Thursday, March 29, 2007


Best Blog Tips A curious deer checking me out through my office window!

Well, I'm off to Grand Rapids, MI for the Vegetarian Awakening chef's conference on Saturday at the crack of dawn! (You can see photos from last year's conference here, and read my impressions of the conference here.)
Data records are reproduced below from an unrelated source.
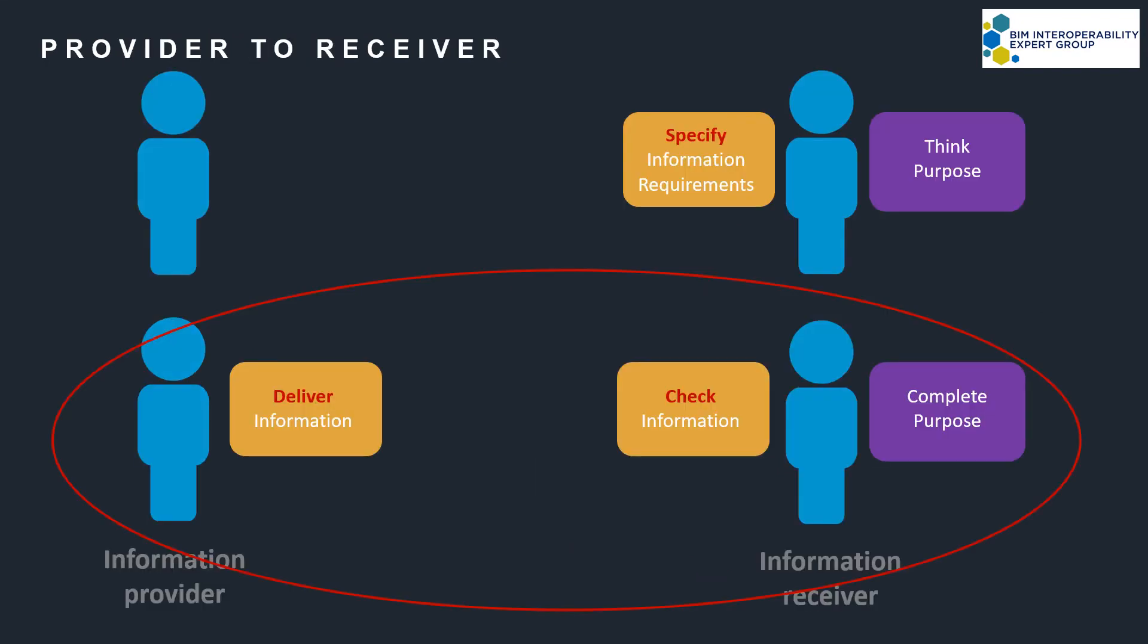However, it's the second factor I want to focus on. Let's look at the exchange between provider and receiver in more detail.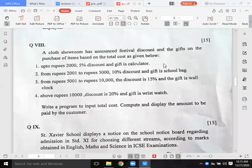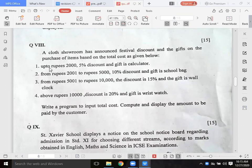The question is: a clothes showroom has announced a festival discount and a gift on the purchase of items based on the total cost. Up to 2,000 rupees, there is a 5% discount and a gift is given.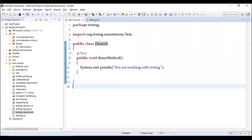Next, we're going to discuss the annotations provided by TestNG. What are annotations? These are a set of rules already written that perform specific tasks. Using annotations, you can execute methods with a lot of flexibility. There are nine important annotations at the class level that control execution order. Let me create a new class called 'AnnotationsDemo.'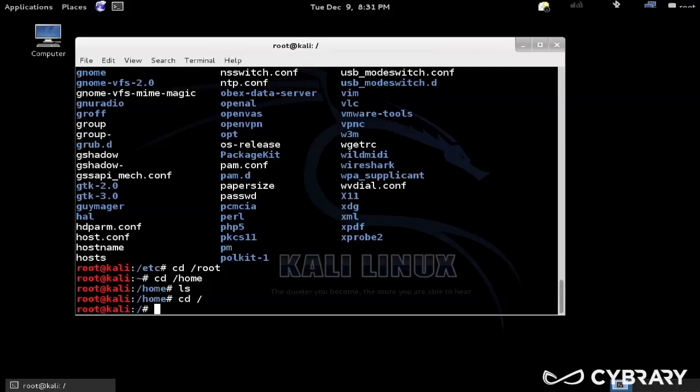I'd only be able to access files that I have permissions to work with. So that's a pretty good example of why we shouldn't use root all the time. Kali's a little bit different. It's not for an everyday use operating system, it's specifically built for pen testing.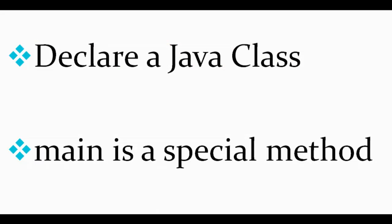In summary, we learned how to declare a Java class and that the main method is a special method which is called when you run the Java class.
I've been busy getting ready, and I'm still not packed, so this is going to be short! I wanted to quickly recommend (this is totally unsolicited!) a vegan product that I hadn't tried before, but we have recently found makes an inexpensive, delicious, and healthful snack. For less than the price of a vegan organic chocolate bar, you can munch on some delicious flavored tofu.

It's called "Pete's Tofu2Go", but in Canada (the company is Sunrise Soya Foods, a Vancouver company) there are a couple of other varieties called "Pete's Soyganics" (both varieties are made with certified organic soybeans). The tofu (6 oz. size) comes ready to eat in a sauce or marinade, and the calorie content of half the package is only 130-170 calories, depending on the variety, and you get about 12 g protein.

You can eat the tofu cold as a snack, or heat it in a wrap for lunch. I don't buy packaged foods very much, but I got some of the Teriyaki (sorry, in Canada only!) when I was in town and starving and didn't want to eat junk. It was a perfect pick-me-up, and, as I said, cheaper than a good chocolate bar!

We have only tried the teriyaki, Sesame Ginger, and Szechuan (pictured above) so far, but I intend to try the others (Thai Tango, Mambo Italiano and Lemon Pepper). DH wants me to keep a couple in the fridge for him to take for lunch if there's no leftovers around.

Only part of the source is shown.